The resulting work, titled “Understanding the Spatial and Temporal Dynamics of the Eastern Tropical North Pacific Oxygen Minimum Zone using High-Resolution In-Situ Observations and a Gridded Global Data Product,” builds on her summer 2023 work with NOAA’s Ernest F. Hollings Scholarship program. Through it, Thornberry conducted research at the Pacific Marine Environmental Lab in Seattle with NOAA’s Global Observations of Biogeochemistry and Ocean Physics group. The fellowship, she says, provided her with the necessary support to analyze the vast and, at times, overwhelming world of oceanographic data.
“I learned about the latest technologies that help us better understand the world’s oceans,” she says. “I discovered that there is still so much to understand from the massive amounts of data these technologies collect, and my thesis allowed me to expand on this work.”

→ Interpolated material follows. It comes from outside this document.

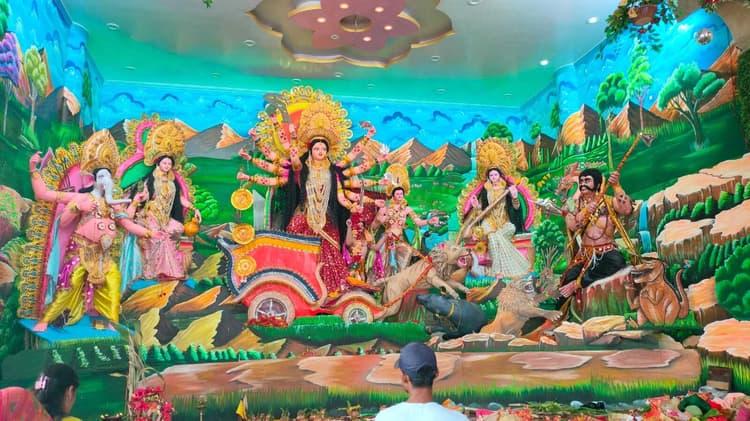 109 वर्षों से मनोकामना छोटी दुर्गा मंदिर में स्थापित की जा रही मां की प्रतिमा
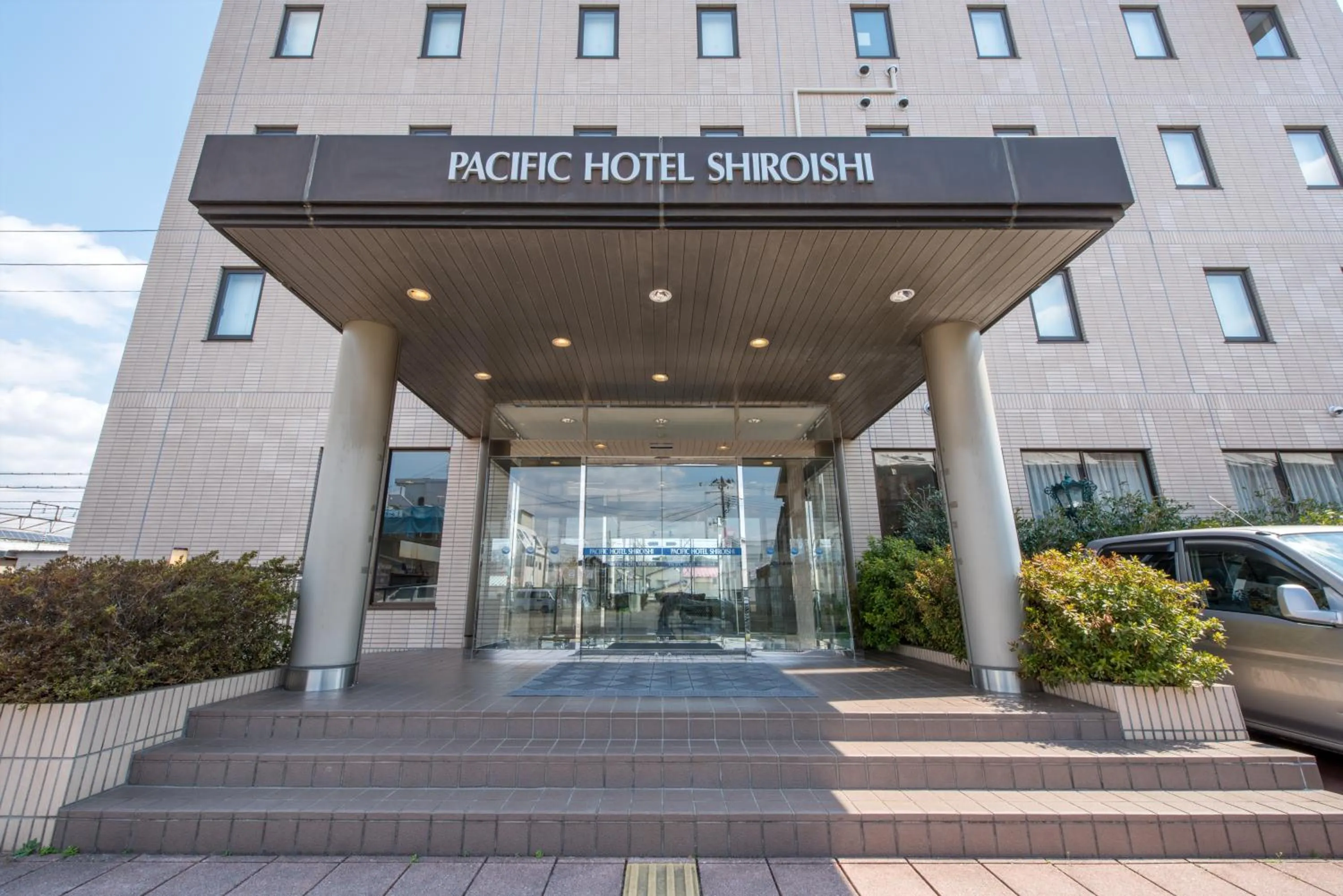 Facade/entrance in Pacific Hotel Shiroishi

Thornberry says she arrived in Seattle eager to apply the interdisciplinary thinking and collaborative problem-solving she’d cultivated at Haverford to support NOAA’s efforts to enhance research and scientific communication through public outreach and policy development. At Haverford, she also received support from her thesis advisor, the William H. and Johanna A. Harris Professor in Environmental Studies and Chemistry Helen White, who encouraged Thornberry to think about how to present her work to less experienced audiences.
Thornberry says that completing a thesis that looked very different from her Haverford chemistry classes taught her to be resilient and persistent. She emerged on the other side, she says, “feeling like I’ve grown as a person and scientist.”
Thornberry says she will remain focused on biogeochemistry and the system-wide effects of climate change. She plans to work as a lab or field research technician for a few years before pursuing graduate studies.